After I got home last night, I put a scarf on my head and put some comfortable clothes on. Not long after I had been home, my daughter asked me to take her to the gas station for some munchies and movies. I thought about putting my wig back on, but I decided it was time to stop hiding behind a wig every time I walked out of my house. So, for the first time since I lost my hair, I left my house without a wig. I had a black scarf tied over my head, so I looked like I was out for a Harley ride, but it was still obvious I was bald as there was no hair peeking out the bottom of my scarf. I saw a few people in the gas station sneaking glances at me and trying not to stare too long, but it didn't bother me as much as I thought it would. I suppose I'm becoming more and more comfortable with the idea that I don't have to look like a glamour queen 24/7. I try not to consider myself to be a vain person, but I've always taken pride in my appearance, so it's difficult for me to face not "looking good".
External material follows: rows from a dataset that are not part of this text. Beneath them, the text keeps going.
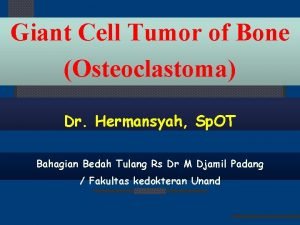 Giant Cell Tumor of Bone Osteoclastoma Dr Hermansyah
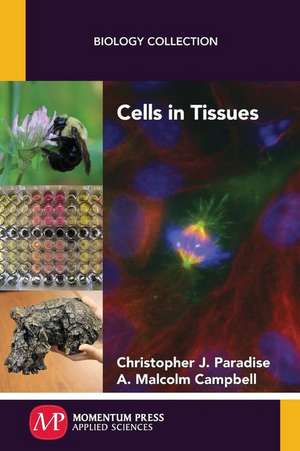 Cells in Tissues de Christopher J. Paradise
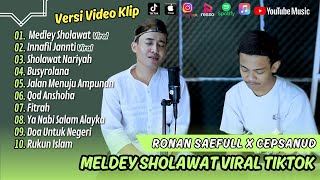 MEDLEY SHOLAWAT NASAMATU HAWAK - Ronan Saefull Goban X Cepsanud || SHOLAWAT VIRAL TERBARU 2024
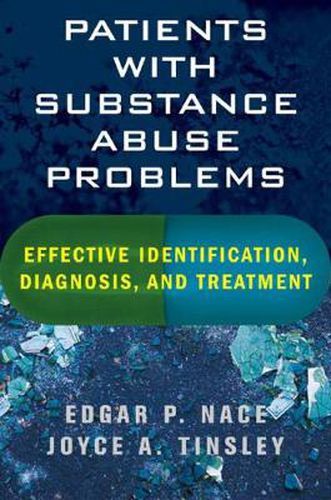 Cover image for Patients with Substance Abuse Problems: Effective Identification, Diagnosis and Treatment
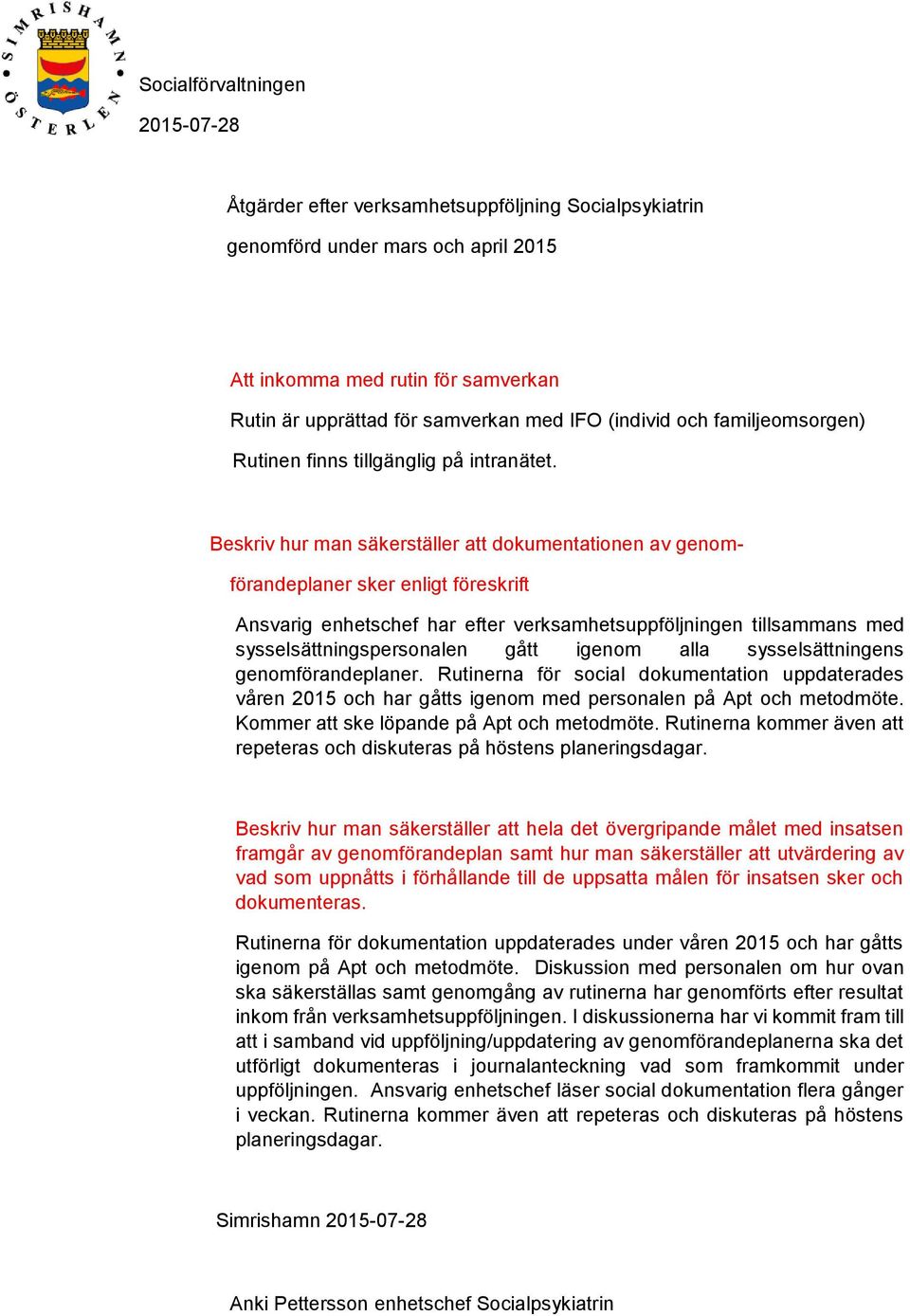 Beskriv hur man säkerställer att dokumentationen av genom- förandeplaner sker enligt föreskrift Ansvarig enhetschef har efter verksamhetsuppföljningen tillsammans med sysselsättningspersonalen gått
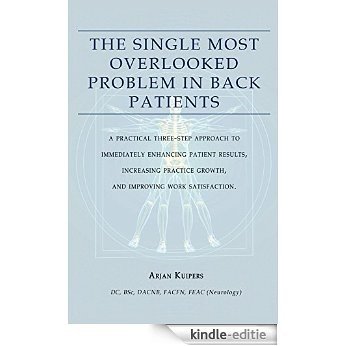 The Single Most Overlooked Problem In Back Patients (English Edition) [Kindle-editie]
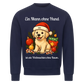 Ein Mann ohne Hund Sweatshirt - Eigenes Bild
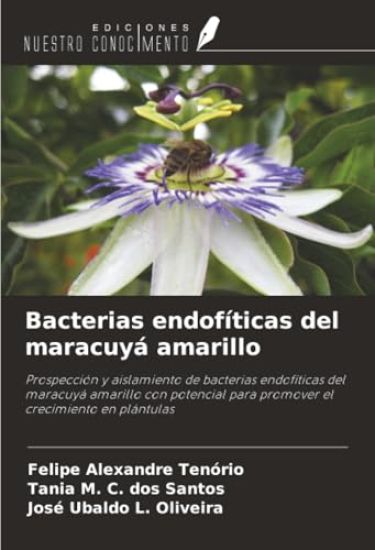Bacterias endofíticas del maracuyá amarillo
Over the past week, I've noticed my eyebrows are getting very thin. I've been using an eyebrow brush and filling in the gaps and hiding the fact that they are falling out too; but when I wash my face after I'm home, they are definitely disappearing too. Several weeks ago, I purchased the makeup I would need to fill in my eyebrows as well as false eyelashes (because those will likely be the next to go), so I'm prepared; but it doesn't make it any easier. I've never been one to wear makeup constantly. I would go to Wal-Mart without a stitch of makeup often; but I now catch myself not wanting to go anywhere without making sure my makeup is done. I do not like HAVING to wear makeup. It's always been an option for me. Stupid cancer--I'm already SO OVER IT.
Other than what I have already mentioned, I have had a few side effects creep in on me. This week, I've noticed I'm thirsty even when I drink water. My mouth seems to dry out pretty fast. I just try to keep drinking water and keep it from drying out; but it's a constant battle. Also, last week, I began feeling like my hands were dry and chapped. They stung and itched. It was a strange feeling, and I kept putting lotion on my hands thinking they were dried out from washing them so often. Finally, near the end of the week, I realized what I was feeling in my hands wasn't my skin dry or chapped. What I was feeling was neuropathy caused from chemotherapy. It is a little uncomfortable, and it comes and goes, so I don't consider it to be a major issue. It's more of an annoyance than anything. But, I promised myself I would be honest about any side effects I had through this process and when they began so this may help someone else facing this.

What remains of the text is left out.